Unter dem Titel „Rojava – Demokratie und Selbstverwaltung. Wie ist das möglich?“ findet in Mannheim am Freitag, 18. Mai 2018 eine Veranstaltung mit Berichten aus Rojava statt, die wir als Teil des Bündnisses „Nein zum Krieg – Solidarität mit Afrin!“ mitunterstützen. Beginn ist um 19 Uhr im Jugendraum des Gewerkschaftshauses (Hans-Böckler-Str. 3, Mannheim).

Seit Monaten führt das türkische Regime völkerrechtswidrig Krieg gegen die Kurd*innen in Nordsyrien.
Bei den Angriffen gegen Afrin und andere Gebiete kommen Panzer und anderes Mordwerkzeug aus deutscher Produktion zum Einsatz. Die Bundesregierung toleriert Töten, Flucht und Vertreibung, um das „Flüchtlingsabkommen“ mit der Türkei nicht zu gefährden.
Ziel der Eroberung weiterer Gebiete ist die Unterdrückung der kurdischen Freiheitsbewegung. Damit sind alle anderen Kriegsparteien in Syrien prinzipiell einverstanden.
Vor allem soll durch dieses Vorgehen das fortschrittlichste Projekt der Region – Rojava – zerstört werden. Das Erdogan-Regime will den Aufbau eines demokratischen Konföderalismus blutig beenden. Rund 4,5 Millionen Kurd*innen, Araber*innen, Turkmen*innen und Assyrer*innen leben hier in einer selbstverwalteten Gesellschaft.

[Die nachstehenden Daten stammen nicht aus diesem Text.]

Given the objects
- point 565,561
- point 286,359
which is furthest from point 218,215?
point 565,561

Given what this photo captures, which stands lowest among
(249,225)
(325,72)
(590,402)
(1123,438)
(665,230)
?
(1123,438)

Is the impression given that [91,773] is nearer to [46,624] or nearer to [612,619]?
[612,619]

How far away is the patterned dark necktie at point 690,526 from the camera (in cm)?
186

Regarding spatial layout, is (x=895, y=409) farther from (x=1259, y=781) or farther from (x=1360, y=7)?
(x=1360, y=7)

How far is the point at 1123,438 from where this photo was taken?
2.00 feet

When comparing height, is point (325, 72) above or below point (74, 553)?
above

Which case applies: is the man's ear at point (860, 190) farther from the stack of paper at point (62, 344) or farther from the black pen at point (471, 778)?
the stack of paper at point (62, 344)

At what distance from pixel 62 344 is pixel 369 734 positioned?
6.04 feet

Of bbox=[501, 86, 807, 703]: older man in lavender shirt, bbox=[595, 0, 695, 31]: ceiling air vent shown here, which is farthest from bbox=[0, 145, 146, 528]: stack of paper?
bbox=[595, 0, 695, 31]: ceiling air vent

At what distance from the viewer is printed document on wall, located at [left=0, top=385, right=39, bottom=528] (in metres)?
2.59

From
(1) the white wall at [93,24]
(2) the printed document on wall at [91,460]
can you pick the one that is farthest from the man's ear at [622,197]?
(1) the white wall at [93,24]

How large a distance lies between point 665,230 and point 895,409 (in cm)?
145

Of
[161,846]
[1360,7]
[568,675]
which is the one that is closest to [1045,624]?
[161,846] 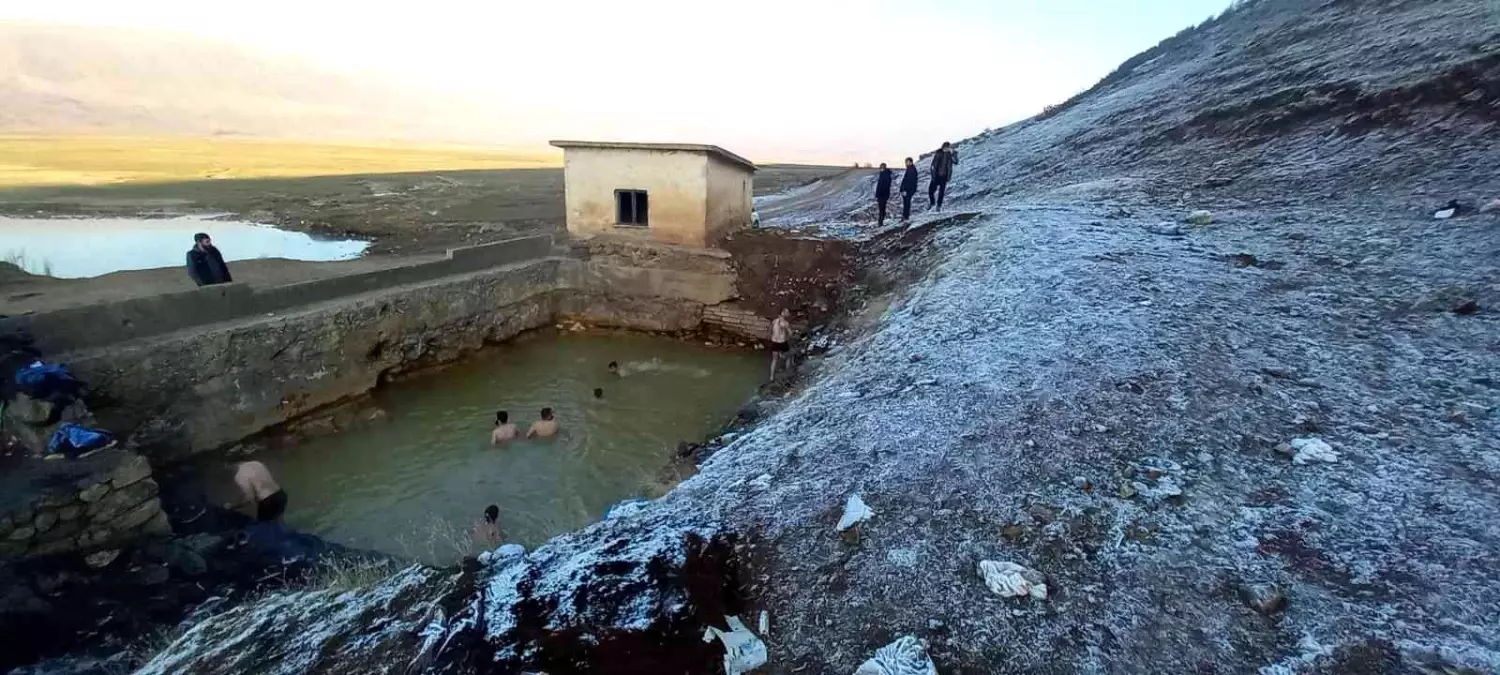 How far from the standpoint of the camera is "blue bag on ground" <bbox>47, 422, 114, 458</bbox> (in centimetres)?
720

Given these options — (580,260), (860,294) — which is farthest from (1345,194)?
(580,260)

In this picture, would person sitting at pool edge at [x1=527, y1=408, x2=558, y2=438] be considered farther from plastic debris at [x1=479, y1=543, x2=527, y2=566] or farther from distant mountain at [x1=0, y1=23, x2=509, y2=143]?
distant mountain at [x1=0, y1=23, x2=509, y2=143]

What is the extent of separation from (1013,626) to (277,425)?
11528mm

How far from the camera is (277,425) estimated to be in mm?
10562

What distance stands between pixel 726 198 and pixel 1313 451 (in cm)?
1325

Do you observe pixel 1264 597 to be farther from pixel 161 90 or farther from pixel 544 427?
pixel 161 90

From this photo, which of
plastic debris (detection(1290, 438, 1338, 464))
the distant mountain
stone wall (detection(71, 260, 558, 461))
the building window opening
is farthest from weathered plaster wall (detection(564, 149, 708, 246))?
the distant mountain

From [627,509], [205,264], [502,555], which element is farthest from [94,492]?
[627,509]

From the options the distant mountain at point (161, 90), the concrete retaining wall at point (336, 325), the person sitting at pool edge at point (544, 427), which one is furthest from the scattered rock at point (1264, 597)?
the distant mountain at point (161, 90)

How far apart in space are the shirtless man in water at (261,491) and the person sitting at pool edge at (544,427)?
10.9 ft

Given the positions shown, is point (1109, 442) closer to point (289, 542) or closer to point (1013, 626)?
point (1013, 626)

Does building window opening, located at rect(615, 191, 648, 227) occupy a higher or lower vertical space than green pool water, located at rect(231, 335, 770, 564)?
higher

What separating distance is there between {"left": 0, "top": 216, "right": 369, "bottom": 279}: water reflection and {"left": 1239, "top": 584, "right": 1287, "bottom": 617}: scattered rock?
2054 cm

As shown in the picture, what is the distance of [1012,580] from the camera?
427 cm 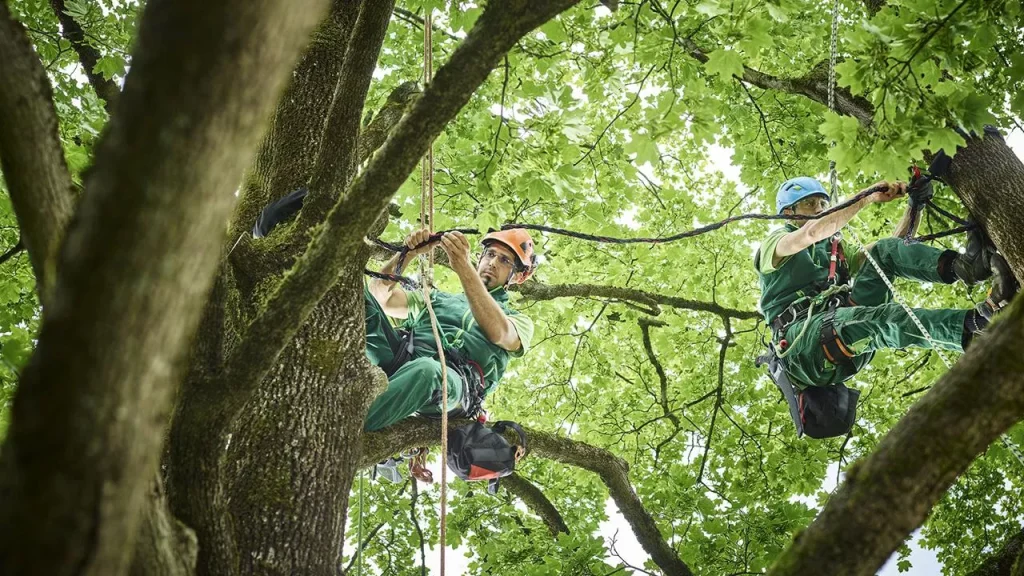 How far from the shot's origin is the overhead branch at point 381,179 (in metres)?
1.96

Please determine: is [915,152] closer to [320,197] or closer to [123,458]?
[320,197]

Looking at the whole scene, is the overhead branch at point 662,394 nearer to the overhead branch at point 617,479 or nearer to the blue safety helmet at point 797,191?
the overhead branch at point 617,479

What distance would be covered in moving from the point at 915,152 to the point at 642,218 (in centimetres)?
550

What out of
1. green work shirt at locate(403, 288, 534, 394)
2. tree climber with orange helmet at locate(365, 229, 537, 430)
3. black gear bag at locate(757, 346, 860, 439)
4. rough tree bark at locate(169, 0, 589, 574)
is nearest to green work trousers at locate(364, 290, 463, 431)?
tree climber with orange helmet at locate(365, 229, 537, 430)

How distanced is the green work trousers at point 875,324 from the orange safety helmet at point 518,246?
1772 mm

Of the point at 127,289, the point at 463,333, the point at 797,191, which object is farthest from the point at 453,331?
the point at 127,289

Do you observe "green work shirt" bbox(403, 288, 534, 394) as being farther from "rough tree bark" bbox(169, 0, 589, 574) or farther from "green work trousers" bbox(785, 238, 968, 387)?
"green work trousers" bbox(785, 238, 968, 387)

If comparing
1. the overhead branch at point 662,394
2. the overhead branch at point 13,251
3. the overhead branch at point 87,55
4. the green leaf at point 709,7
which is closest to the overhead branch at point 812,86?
the green leaf at point 709,7

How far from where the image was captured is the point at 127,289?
0.96 m

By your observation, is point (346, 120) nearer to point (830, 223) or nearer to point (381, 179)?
point (381, 179)

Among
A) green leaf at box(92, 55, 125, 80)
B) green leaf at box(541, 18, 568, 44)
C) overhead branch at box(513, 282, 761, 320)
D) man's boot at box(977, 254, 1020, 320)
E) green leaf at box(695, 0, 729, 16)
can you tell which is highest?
green leaf at box(92, 55, 125, 80)

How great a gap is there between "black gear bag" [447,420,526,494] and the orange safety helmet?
1.30m

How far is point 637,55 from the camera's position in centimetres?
395

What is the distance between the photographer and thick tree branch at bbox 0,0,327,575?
94 centimetres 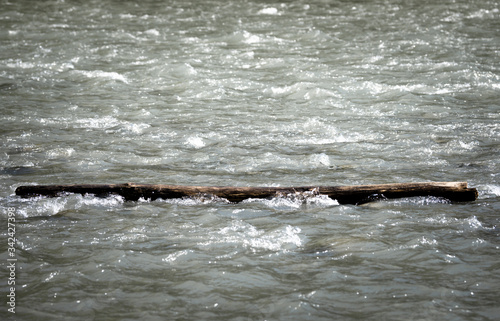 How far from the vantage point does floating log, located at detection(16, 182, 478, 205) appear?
5.97 m

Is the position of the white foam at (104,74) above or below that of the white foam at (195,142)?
below

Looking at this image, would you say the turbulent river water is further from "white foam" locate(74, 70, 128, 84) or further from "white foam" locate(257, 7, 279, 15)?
"white foam" locate(257, 7, 279, 15)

Ihre Prinzipien sind Demokratie, Gleichberechtigung und Emanzipation der Frauen sowie Religionsfreiheit. Das ist ein grundlegender Gegensatz zu dem menschenverachtenden Treiben etwa des Daesh („IS“) oder anderer dschihadistischer Banden.
Unsere Referentin hat in den letzten vier Jahren in Rojava gelebt. Sie wird über die aktuelle Lage und den Widerstand in Afrin zu berichten. Außerdem wird sie uns konkrete Eindrücke von den Menschen, der Region und den Kriegsgeschehnissen vermitteln.